KOSDAQも前日比91.05ポイント(9.08%)安の911.39で引けた。取引時間中に下落率が8%を超え、サーキットブレーカーが発動するなど、投資家心理は急速に悪化した。

この日の急落局面では、市場安定化措置も相次いで発動された。KOSPIとKOSDAQでは、先物価格の急落を受けてプログラム売り注文の効力を一時停止する売りサイドカーが発動。その後、下げ幅の拡大に伴い、有価証券市場とKOSDAQ市場の双方でサーキットブレーカーが発動した。

サーキットブレーカーは、株価指数が一定水準を超えて急落した際、市場への衝撃を和らげるため、株式市場と関連デリバティブ市場の売買を一時停止する制度だ。第1段階では、指数が前日比8%以上下落した状態が1分以上続くと発動し、株式市場の売買が20分間停止する。

急落の直接的な引き金となったのは、前週末の米株安だ。5月の米非農業部門雇用者数が市場予想を大きく上回り、利下げ観測の後退による金利高懸念が強まった。これにBroadcomの業績見通しの弱さが重なり、半導体株全般に売りが広がった。米国市場ではナスダック総合指数が4%台下落し、フィラデルフィア半導体株指数は10%台の下げとなった。

韓国市場はSamsung ElectronicsやSK hynixなど半導体主力株の比重が大きく、米半導体株安の影響を強く受けた。足元のKOSPI上昇をけん引してきた半導体株に利益確定売りが集中し、指数の下げを加速させた。Samsung Electronicsは10%台、SK hynixは7%台下落し、指数を押し下げた。

需給面も弱かった。KOSPIでは個人が1兆7633億ウォン(約1940億円)を買い越した一方、外国人と機関投資家はそれぞれ3738億ウォン(約411億円)、1兆6269億ウォン(約1790億円)を売り越した。外国人はKOSPIで21営業日連続の売り越しとなり、相場の重荷となった。

KOSDAQでは外国人が2797億ウォン(約308億円)を買い越したが、個人と機関はそれぞれ1246億ウォン(約137億円)、1465億ウォン(約161億円)を売り越した。6月の5営業日のうち、外国人は3営業日で買い越したものの、主導的な資金流入の乏しさとリスク回避姿勢が重なり、900ポイント割れへの警戒が強まった。

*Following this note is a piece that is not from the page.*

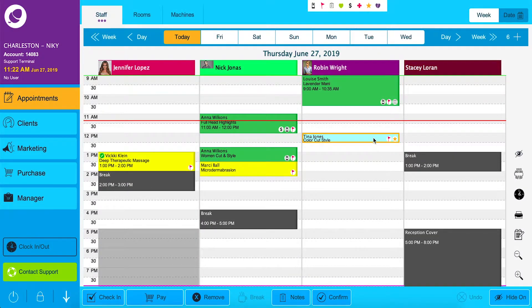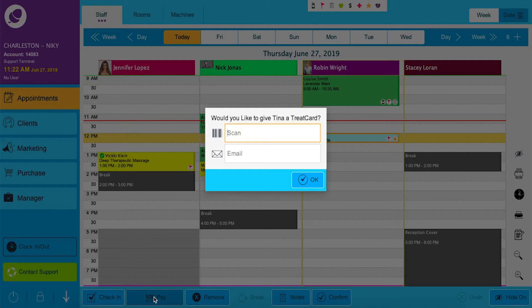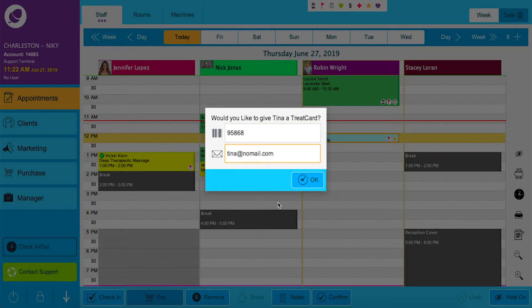When a new client comes to pay through for an appointment, a prompt will show if they do not already have a tree card. We will now scan the tree card, click OK, and it will bring us directly to the pay screen.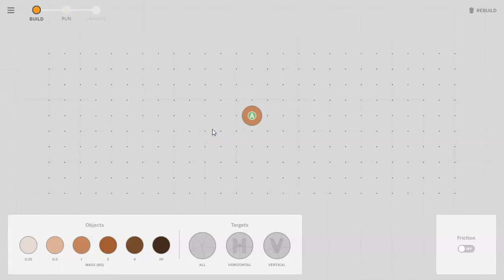Hello, today I'm going to go over how to use the Force and Motion simulation for Amplify.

午前中には押し目買いが入り、KOSPIが一時7800台を回復する場面もあった。ジェンスン・ファンNVIDIA最高経営責任者(CEO)が今週の株価下落を買い場とみる趣旨の発言をしたと伝わり、下げ渋る場面もみられた。ただ、午後に入ると、イエメンのフーシ派による緊急声明や、イランがイスラエルに向けてミサイルを発射したとの報道を受け、中東情勢を巡る不透明感が再び意識され、相場の変動性は一段と高まった。

個別銘柄では物色に差が出た。Naverは、国内初のギガワット(GW)級AIファクトリー基盤インフラ協力への期待を背景に底堅く推移した。SK NetworksもAIクラウド運用を巡る期待感からストップ高となった。

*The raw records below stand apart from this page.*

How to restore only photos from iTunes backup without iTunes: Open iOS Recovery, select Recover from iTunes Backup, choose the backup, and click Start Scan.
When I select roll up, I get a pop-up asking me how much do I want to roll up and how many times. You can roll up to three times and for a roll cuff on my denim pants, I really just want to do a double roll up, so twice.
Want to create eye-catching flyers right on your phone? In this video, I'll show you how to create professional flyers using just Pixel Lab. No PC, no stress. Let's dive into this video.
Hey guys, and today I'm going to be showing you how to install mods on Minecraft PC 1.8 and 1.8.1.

通信株は、ディフェンシブ性に加え、AIファクトリー関連の協業期待が支えとなった。鋼管株は、米国での油井管に対する反ダンピング規制強化と市況回復への期待が材料視された。宇宙関連株には、SpaceXのナスダック上場を控えた思惑から一部銘柄に買いが入った。

証券業界では、今回の急落を構造的な危機ではなく、短期的な過熱修正と需給ショックが重なった調整局面とみる見方も出ている。米雇用統計と半導体関連材料が金利と需給への不安を刺激したものの、韓国半導体業界の利益見通しそのものが崩れたわけではない、という分析だ。

Meritz Securitiesのファン・スウク研究員は「短期過熱への警戒が高まる中で、調整の引き金が同時に表面化した」と指摘。「金利、AI産業への懸念、先物・オプションの満期、需給要因が下げ幅拡大に作用した」と分析した。

Yuanta Securitiesのイ・ジェウォン研究員は、KOSPIが1日で8%以上下落した過去の事例を踏まえ、投げ売りよりも慎重な見極めが必要だとの見方を示した。

イ研究員は「2000年以降、KOSPIが1日で8%以上下落したのは計7回で、2008年の金融危機のようにシステムリスクが実体経済の景気後退に波及したケースを除けば、大半はその後に大きく反発した」と説明した。